Last week’s decision by the European Central Bank to make unlimited purchases of government bonds in secondary markets was both necessary and bold. Mario Draghi, the ECB’s president, deserves credit for having obtained agreement for this controversial step, against the sole, albeit significant, opposition of Jens Weidmann, president of Germany’s redoubtable Bundesbank. It is a pity that the ECB did not do this before the crisis in sovereign debt reached Spain and Italy. Yet this delay is not surprising: eurozone policy makers have, perhaps inevitably, done too little, too late.
It is not the ECB’s fault that this action is too little. Its aim is to eliminate the risk of a eurozone breakup forced by the markets. But it cannot achieve this on its own. Ensuring the survival of the eurozone is a political decision. The ECB can only influence, not determine, the outcome.
The rationale offered for the program of “Outright Monetary Transactions” is ingenious. The ECB insists that it does not aim to finance governments in difficulty. That, it insists, is a mere byproduct. At last week’s press conference, Mr. Draghi stated that: “We aim to preserve the singleness of our monetary policy and to ensure the proper transmission of our policy stance to the real economy throughout the area. OMTs will enable us to address severe distortions in government bond markets which originate from, in particular, unfounded fears on the part of investors of the reversibility of the euro.” In making this case, Mr. Draghi argued that “you have large parts of the euro area in what we call a ‘bad equilibrium’ . . . So, there is a case for intervening . . . to “break” these expectations, which. . . do not concern only the specific countries, but the euro area as a whole. And this would justify the intervention of the central bank”. This then marks belated acceptance of strong arguments made by the Belgian economist, Paul de Grauwe, at the London School of Economics.

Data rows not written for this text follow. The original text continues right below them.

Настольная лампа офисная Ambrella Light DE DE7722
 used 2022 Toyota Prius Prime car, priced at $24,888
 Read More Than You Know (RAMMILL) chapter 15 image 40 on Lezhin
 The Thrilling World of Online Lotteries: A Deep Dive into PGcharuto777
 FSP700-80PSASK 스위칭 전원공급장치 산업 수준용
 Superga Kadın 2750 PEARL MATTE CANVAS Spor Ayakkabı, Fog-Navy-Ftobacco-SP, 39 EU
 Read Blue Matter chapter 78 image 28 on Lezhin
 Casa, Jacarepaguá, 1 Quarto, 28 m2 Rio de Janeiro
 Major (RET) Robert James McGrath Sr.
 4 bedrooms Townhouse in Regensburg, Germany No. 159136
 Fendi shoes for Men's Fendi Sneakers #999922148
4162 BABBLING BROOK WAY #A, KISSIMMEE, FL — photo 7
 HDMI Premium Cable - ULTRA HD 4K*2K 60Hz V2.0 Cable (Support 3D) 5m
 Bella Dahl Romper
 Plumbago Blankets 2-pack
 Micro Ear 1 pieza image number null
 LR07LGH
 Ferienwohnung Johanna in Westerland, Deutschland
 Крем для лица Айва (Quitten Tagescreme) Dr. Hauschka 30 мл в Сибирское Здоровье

In its “Article IV” consultation with the eurozone, published in July, the staff of the International Monetary Fund argues that despite the low policy rates, credit conditions are extremely tight in some member countries. This, it argues, is due to divergent perceptions of the interlinked sovereign and banking risks, as well as a shrinkage in cross-border lending, as efforts are made to increase capital and liquidity buffers at home and place overnight deposits at the ECB. Today, in consequence, “financing conditions are the least supportive in countries where the crisis is the most acute.” This dire situation gives a strong rationale for the new policy. (See charts.)
Yet the ECB will not intervene unconditionally. It will, instead, intervene if and only if countries meet specific conditions. The precise conditions will not be set by the ECB. Mr. Draghi said that it was up to the governments, the European Union, the European Commission and the IMF to decide on the precise nature of these conditions. But, once agreed, they would need to be respected. That is the ECB’s demand.
Such conditionality is perfectly understandable. But it must militate against the goals of the new program. The ECB is saying that it will seek to eliminate the threat of a break-up, except when this threat is most real, which is. of course, precisely when the country is failing to meet policy conditions. Investors know that electorates might choose a government that has no intention of sticking to agreed conditions. What happens then? The answer is: either the ECB stops buying, in which case the bond market implodes, or the ECB continues, in which case conditionality is jettisoned.
This latter possibility seems the more likely: it will be hard for the ECB to stop. But that, too, might have dire consequences. Spurred on by
In brief, a conditional program of bond purchases, implemented against the opposition of the Bundesbank, just cannot make the eurozone credibly irreversible.
Is there any way the ECB on its own could make it more credible that the eurozone will last?
The answer is: yes and no.
Yes, if people believed membership of the eurozone were clearly in everyone’s interests, its survival would become far more credible. For that to happen, deficit countries need growth and jobs. The ECB could contribute by stepping harder on the monetary accelerator. After all, short-term economic prospects are dismal: the ECB forecasts real economic growth in the eurozone at -0.6 to -0.2 percent this year and -0.4 to 1.4 percent in 2013. By the second quarter of 2012, the eurozone’s nominal gross domestic product was a mere 3.4 percent higher than in the first quarter of 2008.
Yet the answer is also, alas, “no”, because a more aggressive monetary policy would confirm German fears that the ECB was becoming the Banca d’Italia. The difficulty for the ECB is that relevant and appropriate measures are viewed, in Germany, as a giant step on the dismal path to hyperinflationary ruin. So long as this is the case, the ECB cannot make the euro look irreversible. That fact will undermine markets. That would force the ECB to buy more, so making the policy still less credible.
The ECB has done what it can, given the politics. The decision of the German constitutional court and the result of the Dutch election may help. But the risks of a breakup cannot be eliminated. If these are to disappear, citizens of debtor countries must see a credible path to growth, while citizens of creditor countries must believe they are not throwing money down a bottomless pit. What the ECB has done is win some time. It has not won the game.